# [EXERCISE DETAILS]
The copy must run from the first line of the entries below through the line containing "Moonology: Working with", restated word for word, with pictures left out.

── RECORD SET

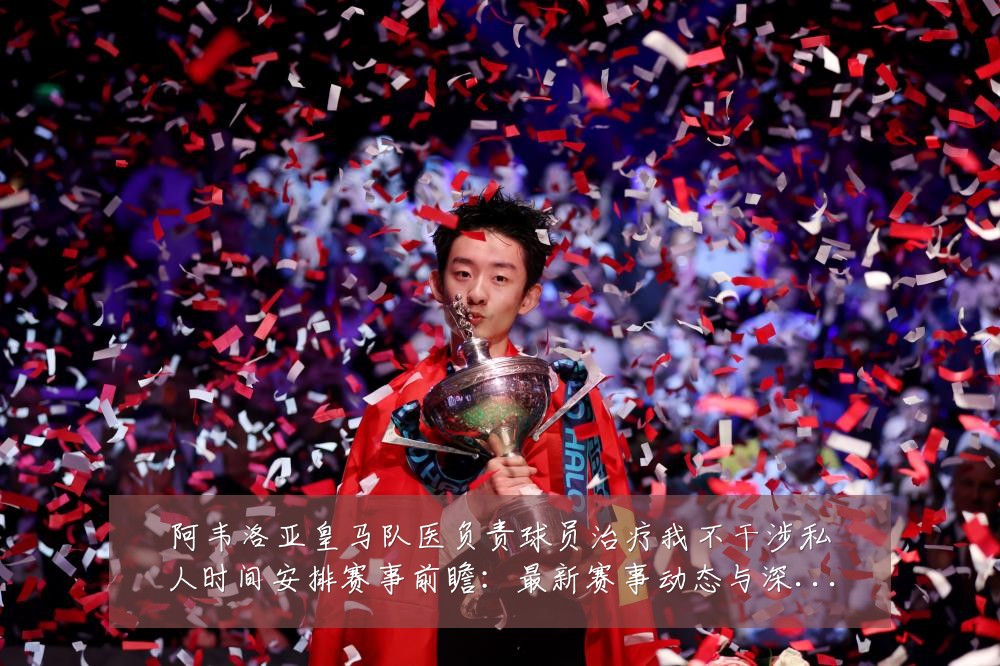 阿韦洛亚皇马队医负责球员治疗我不干涉私人时间安排赛事前瞻：最新赛事动态与深度分析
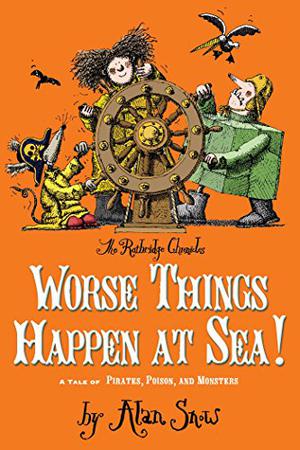 Worse Things Happen at Sea! by Alan Snow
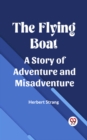 Image for Flying Boat A Story of Adventure and Misadventure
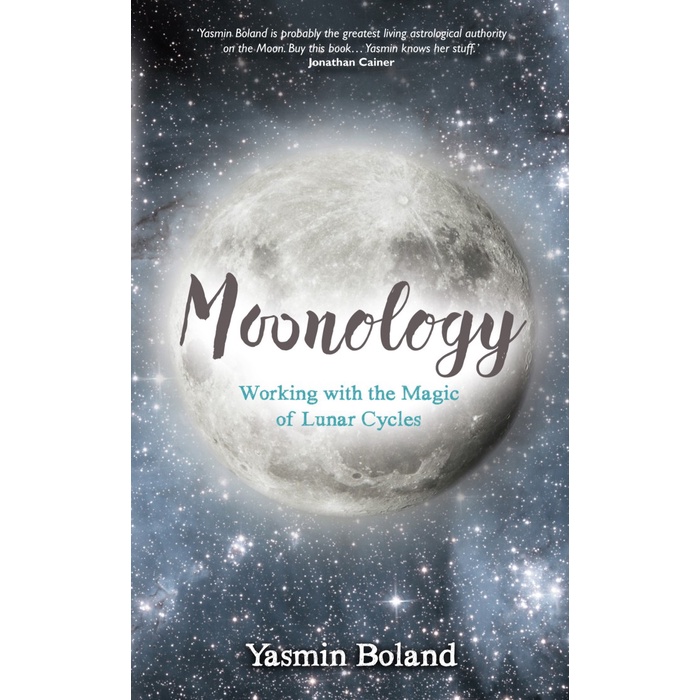 

Moonology: Working with the magic of Lunar Cycles, Yasmin Boland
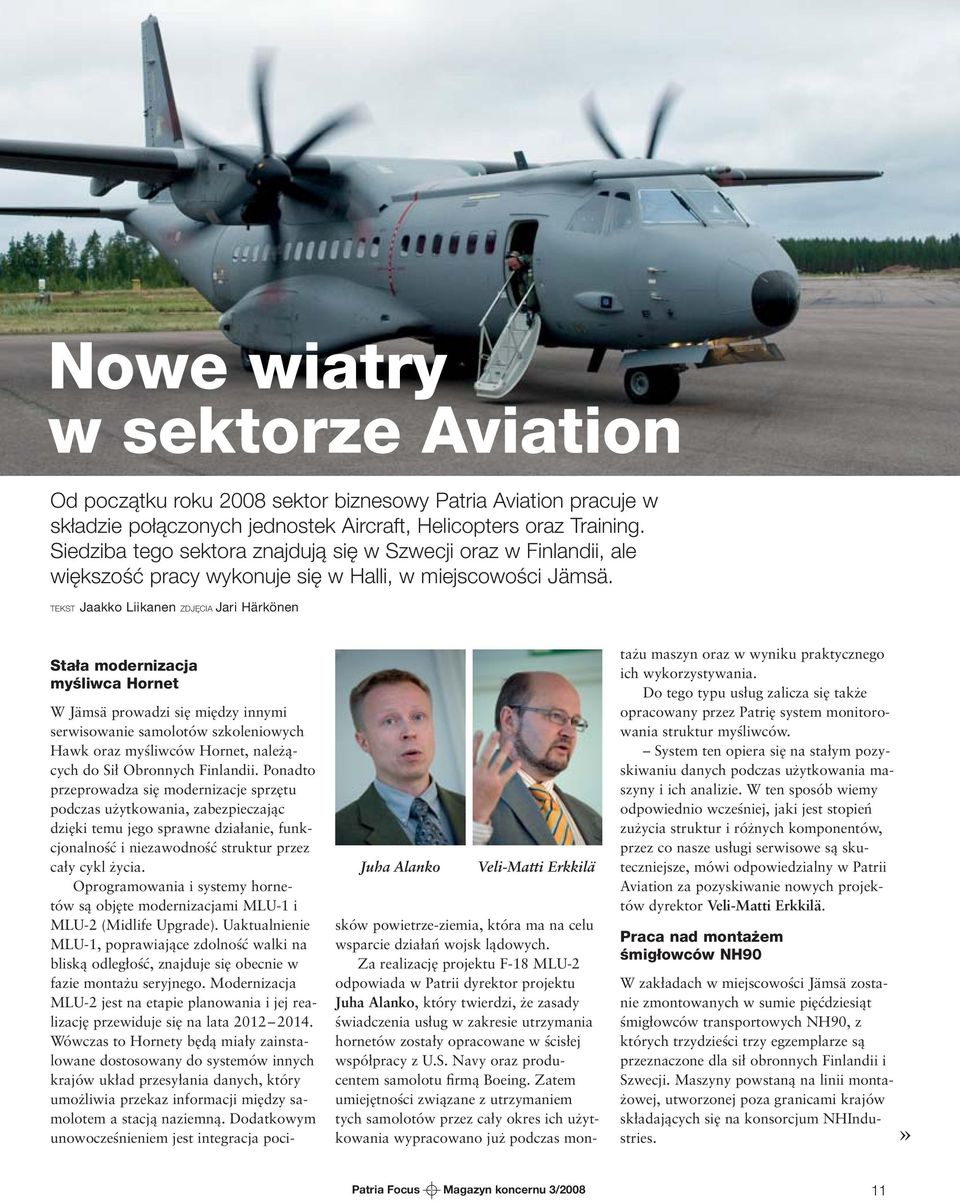TEKST Jaakko Liikanen ZDJĘCIA Jari Härkönen Stała modernizacja myśliwca Hornet W Jämsä prowadzi się między innymi serwisowanie samolotów szkoleniowych Hawk oraz myśliwców Hornet, należących do Sił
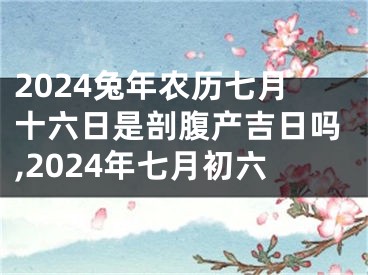 2024兔年农历七月十六日是剖腹产吉日吗,2024年七月初六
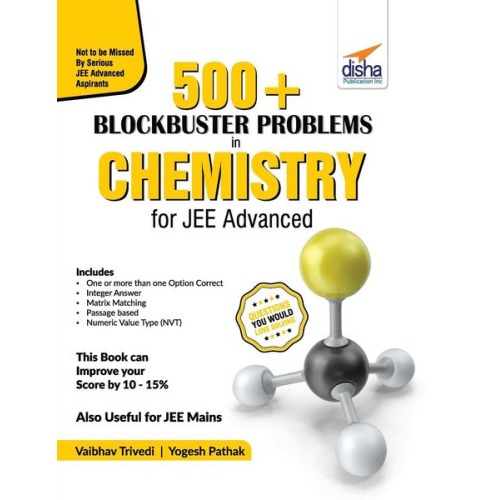 Vaibhav Trivedi Yogesh Pathak - 500 Blockbuster Problems in Chemistry for JEE Advanced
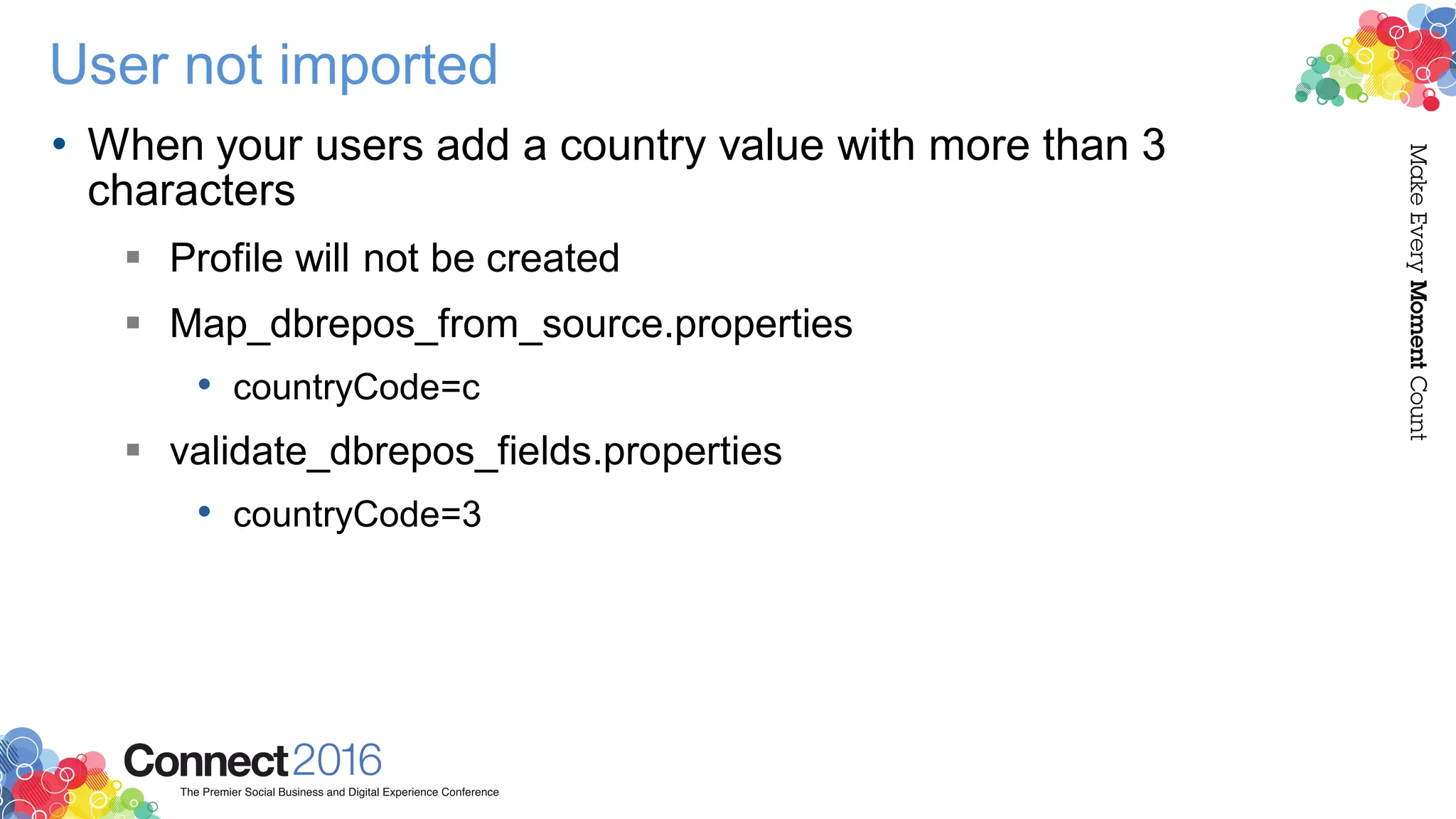 User not imported
• When your users add a country value with more than 3
characters
 Profile will not be created
 Map_dbrepos_from_source.properties
• countryCode=c
 validate_dbrepos_fields.properties
• countryCode=3
 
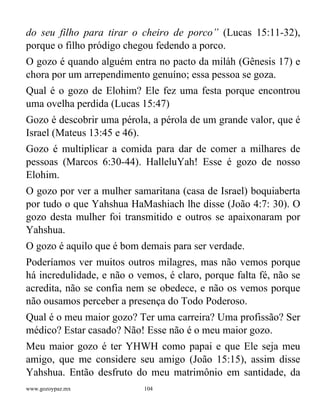 www.gozoypaz.mx 104
do seu filho para tirar o cheiro de porco” (Lucas 15:11-32),
porque o filho pródigo chegou fedendo a porco.
O gozo é quando alguém entra no pacto da miláh (Gênesis 17) e
chora por um arrependimento genuíno; essa pessoa se goza.
Qual é o gozo de Elohim? Ele fez uma festa porque encontrou
uma ovelha perdida (Lucas 15:47)
Gozo é descobrir uma pérola, a pérola de um grande valor, que é
Israel (Mateus 13:45 e 46).
Gozo é multiplicar a comida para dar de comer a milhares de
pessoas (Marcos 6:30-44). HalleluYah! Esse é gozo de nosso
Elohim.
O gozo por ver a mulher samaritana (casa de Israel) boquiaberta
por tudo o que Yahshua HaMashiach lhe disse (João 4:7: 30). O
gozo desta mulher foi transmitido e outros se apaixonaram por
Yahshua.
O gozo é aquilo que é bom demais para ser verdade.
Poderíamos ver muitos outros milagres, mas não vemos porque
há incredulidade, e não o vemos, é claro, porque falta fé, não se
acredita, não se confia nem se obedece, e não os vemos porque
não ousamos perceber a presença do Todo Poderoso.
Qual é o meu maior gozo? Ter uma carreira? Uma profissão? Ser
médico? Estar casado? Não! Esse não é o meu maior gozo.
Meu maior gozo é ter YHWH como papai e que Ele seja meu
amigo, que me considere seu amigo (João 15:15), assim disse
Yahshua. Então desfruto do meu matrimônio em santidade, da
 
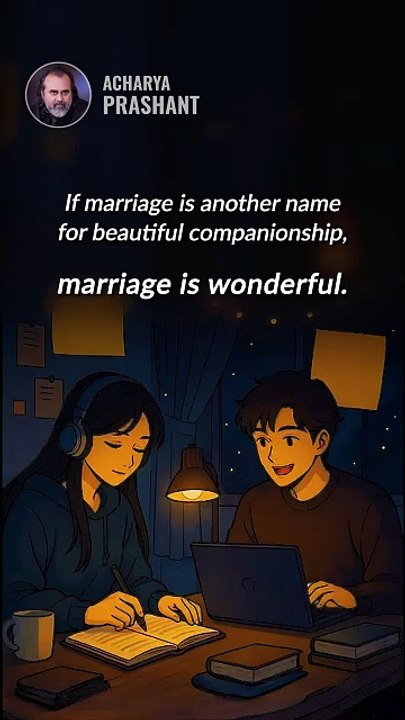 Marriage __ Acharya Prashant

────

# [TASK RESULT]
 阿韦洛亚皇马队医负责球员治疗我不干涉私人时间安排赛事前瞻：最新赛事动态与深度分析
 Worse Things Happen at Sea! by Alan Snow
 Image for Flying Boat A Story of Adventure and Misadventure

Moonology: Working with the magic of Lunar Cycles, Yasmin Boland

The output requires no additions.